### [PROBLEM]
Can the lines below, from the one that holds "Bien immobilier en Location à Eupen" to the very end, be echoed exactly, with both ends included and no pictures?

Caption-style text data
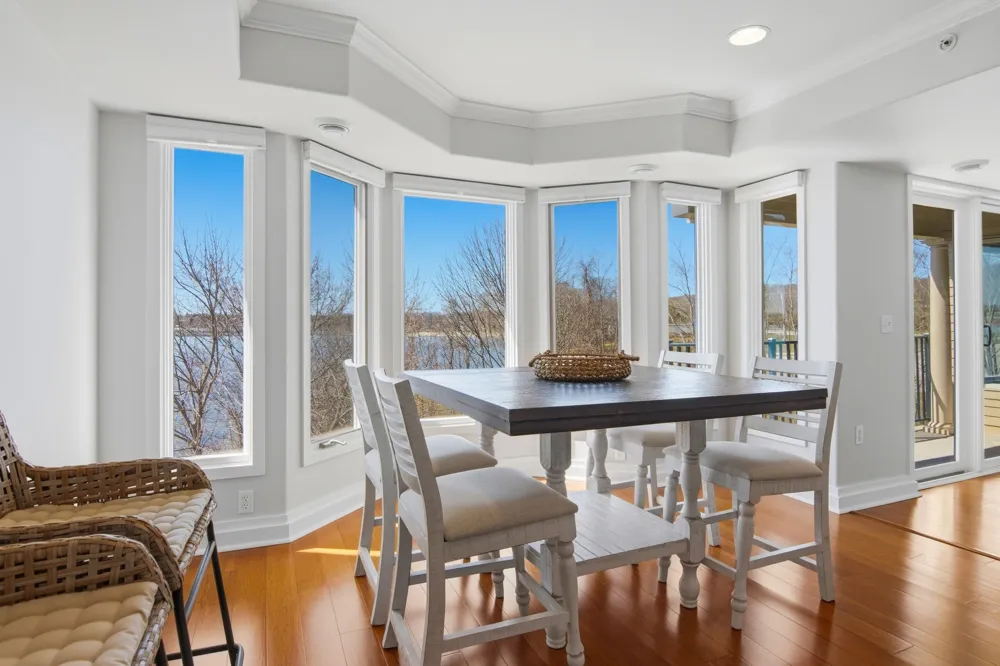 704 Dockside Circle Suttons Bay Township, MI 49682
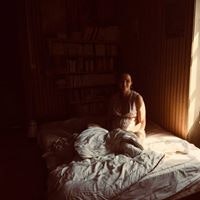 Eden Debellemanière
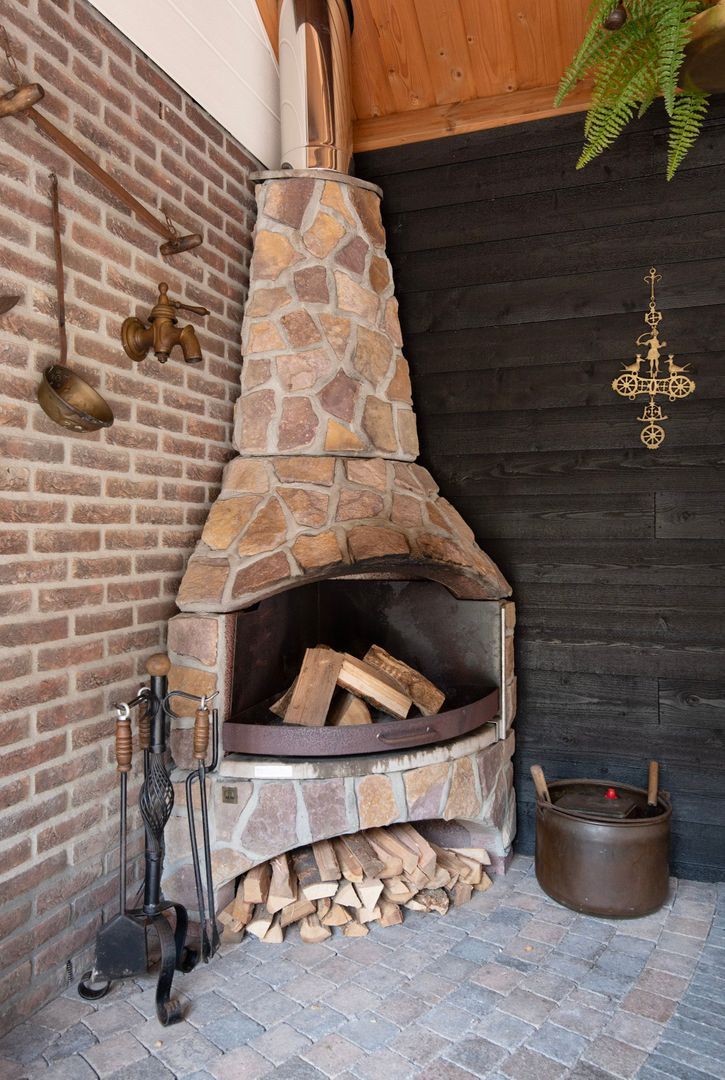 Schovenhorsterveldweg 18, Putten foto-24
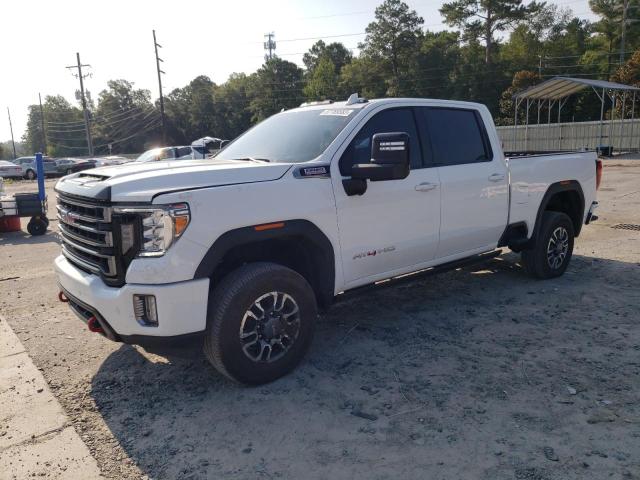 GMC SIERRA K25 2022 1gt49peyxnf264250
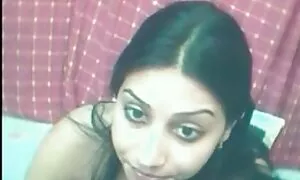 Ogromno doctor massage porno mužiranje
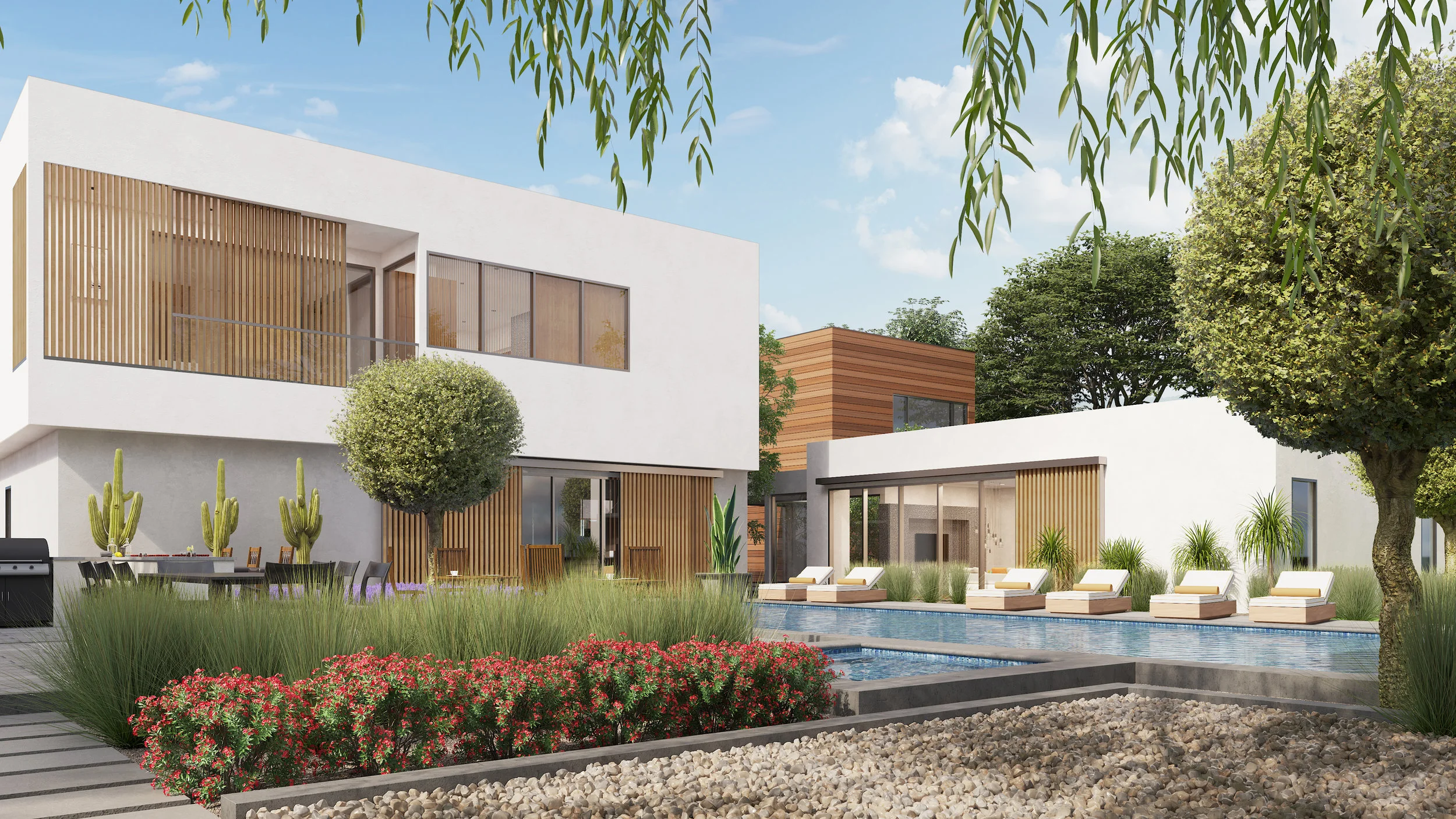 ModelB _Swimming Pool View _Draft 1.jpg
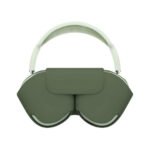 ⁦Casque Sans Fil Karler Bass Bluetooth 5.3 Technologie ANC⁩ - الصورة ⁦2⁩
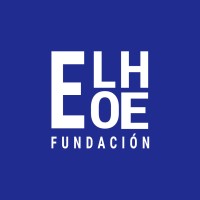 Fundación Elohé logo - Similar company to Corpocampo Ong
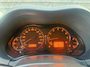 Toyota Avensis 2.0 VVTi Luna Automaat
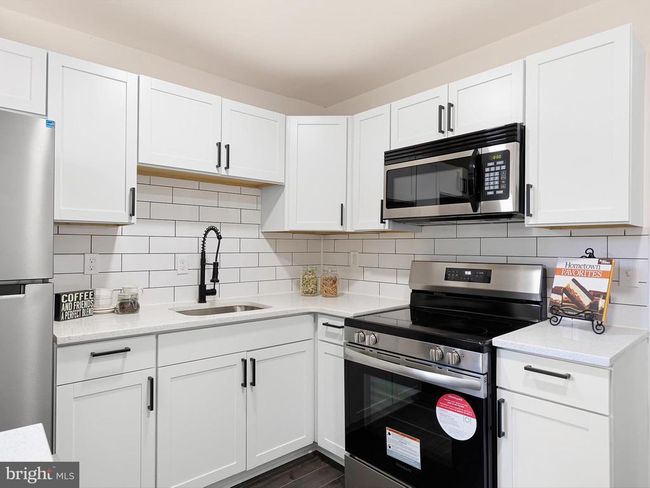 1123 Conrad St, Townhouse with 3 bedrooms, 2 bathrooms and null parking in WILMINGTON DE | Image 10
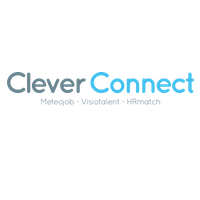 CleverConnect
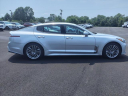 Thumbnail image of 2018 Kia Stinger at Lou Fusz Kia Of Terra Haute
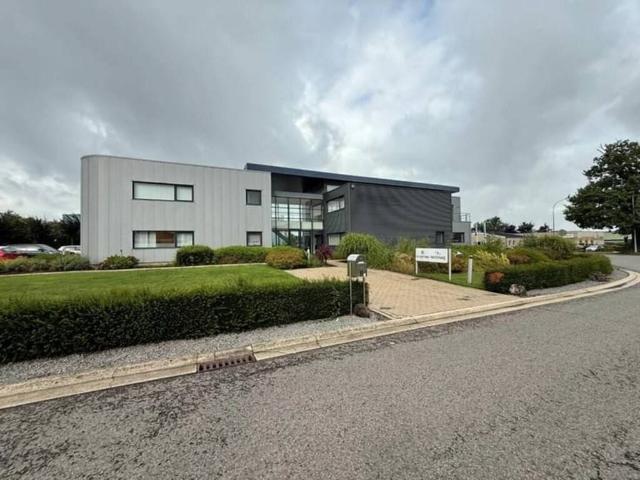 Bien immobilier en Location à Eupen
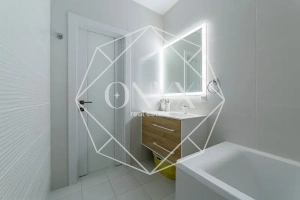 Изображение 12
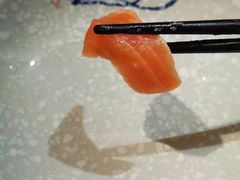 -浦·传统日式料理(3 5 1 1 店)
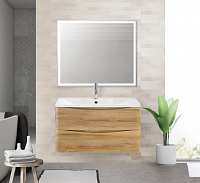 BelBagno ACQUA ACQUA-800-2C-SO-RVB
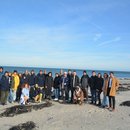 Inlandsakademie 2023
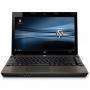 Лаптоп hp probook 4320s i5-460m(2.53ghz/3mb) 13.3" hd, camera, 4gb ram,500gb hdd, ati mobility radeon hd5470 - wt233ea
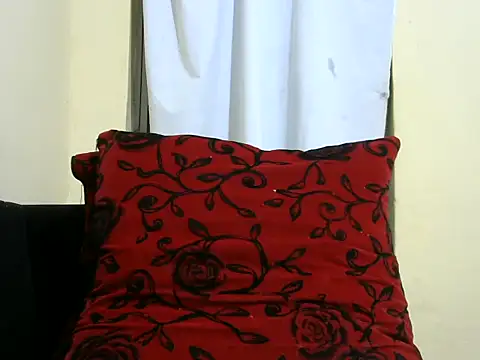 preettys56 online show from 09-10-25, 07:24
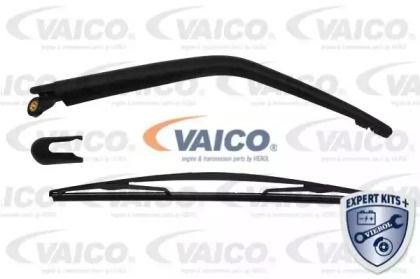 VAICO V46-1709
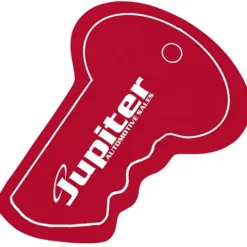 Jar Opener - Key
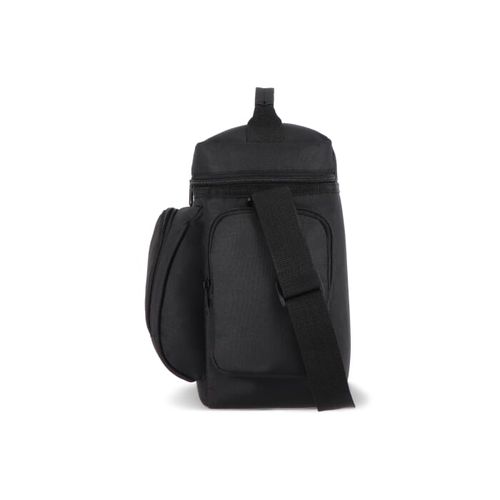 R-PET 600D Glacière 10L - 8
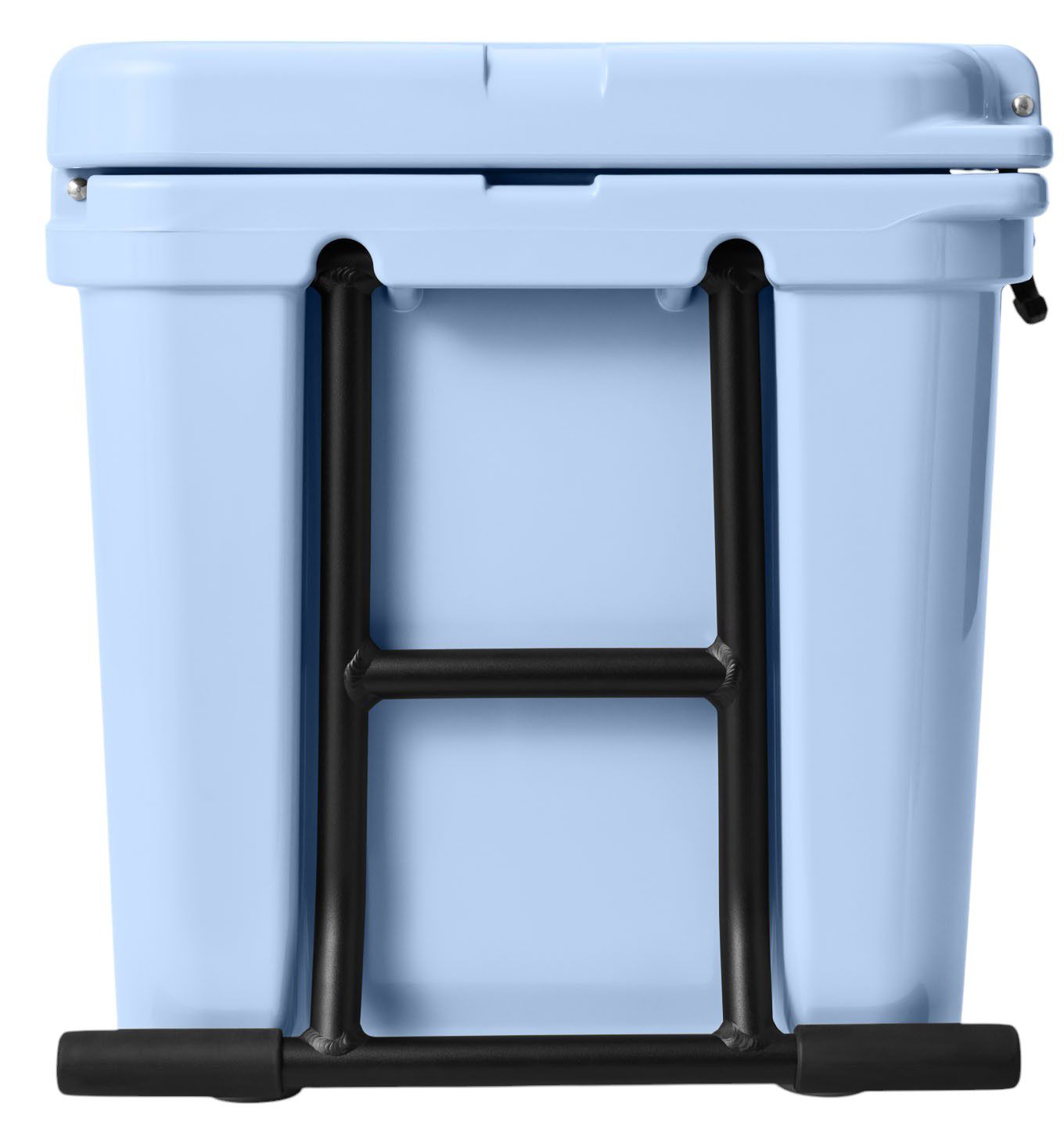 YETI Tundra Haul Cooler product image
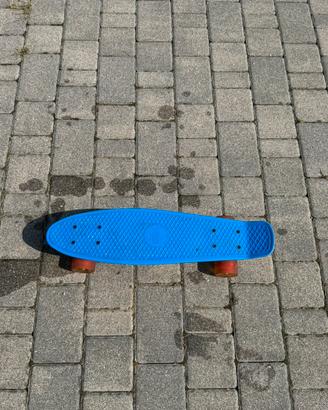 Skate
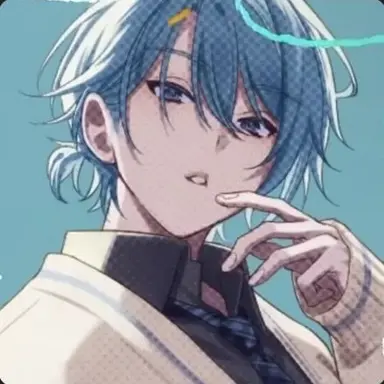 Profile image of 渚トラウト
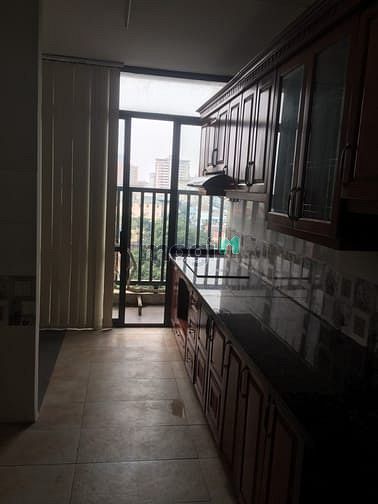 Hình ảnh Bán Trang Chủ MB66.COM / Đăng Ký Tặng 66K CC 152m2, 3PN 3.6 tỷ CC CLand 81 Lê Đức Thọ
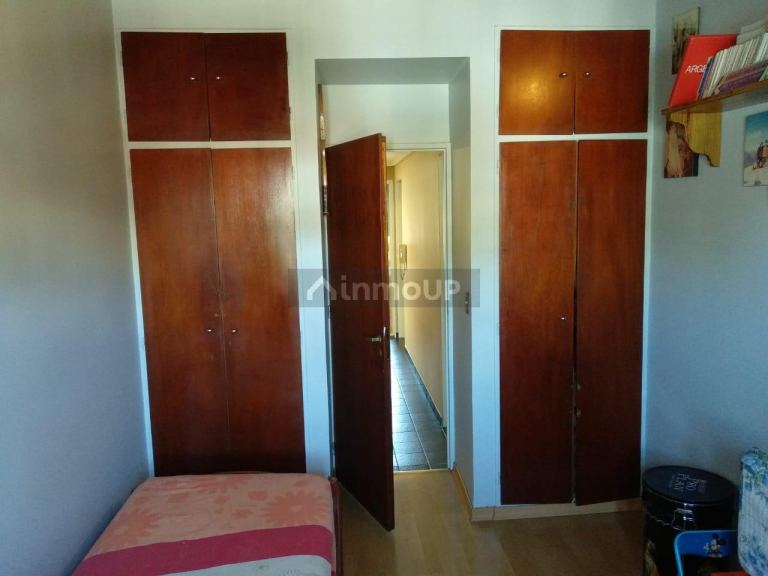 Departamento en Venta en Villa del Parque, Capital Federal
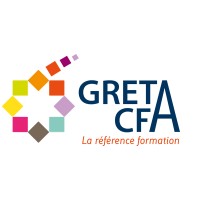 Réseau GRETA-CFA des Pays de la Loire logo, Réseau GRETA-CFA des Pays de la Loire contact details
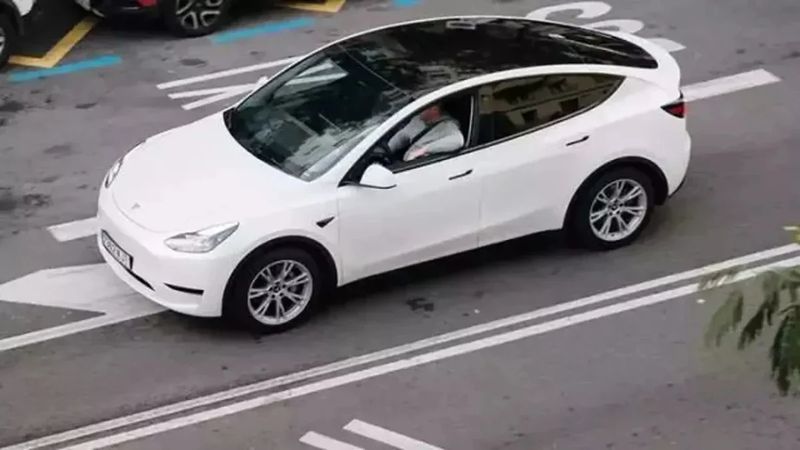 Satışlar düştü: Tesla 13 binden fazla çalışanını kovacak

### [RESPONSE]
 Bien immobilier en Location à Eupen
 Изображение 12
 -浦·传统日式料理(3 5 1 1 店)
 BelBagno ACQUA ACQUA-800-2C-SO-RVB
 Inlandsakademie 2023
 Лаптоп hp probook 4320s i5-460m(2.53ghz/3mb) 13.3" hd, camera, 4gb ram,500gb hdd, ati mobility radeon hd5470 - wt233ea
 preettys56 online show from 09-10-25, 07:24
 VAICO V46-1709
 Jar Opener - Key
 R-PET 600D Glacière 10L - 8
 YETI Tundra Haul Cooler product image
 Skate
 Profile image of 渚トラウト
 Hình ảnh Bán Trang Chủ MB66.COM / Đăng Ký Tặng 66K CC 152m2, 3PN 3.6 tỷ CC CLand 81 Lê Đức Thọ
 Departamento en Venta en Villa del Parque, Capital Federal
 Réseau GRETA-CFA des Pays de la Loire logo, Réseau GRETA-CFA des Pays de la Loire contact details
 Satışlar düştü: Tesla 13 binden fazla çalışanını kovacak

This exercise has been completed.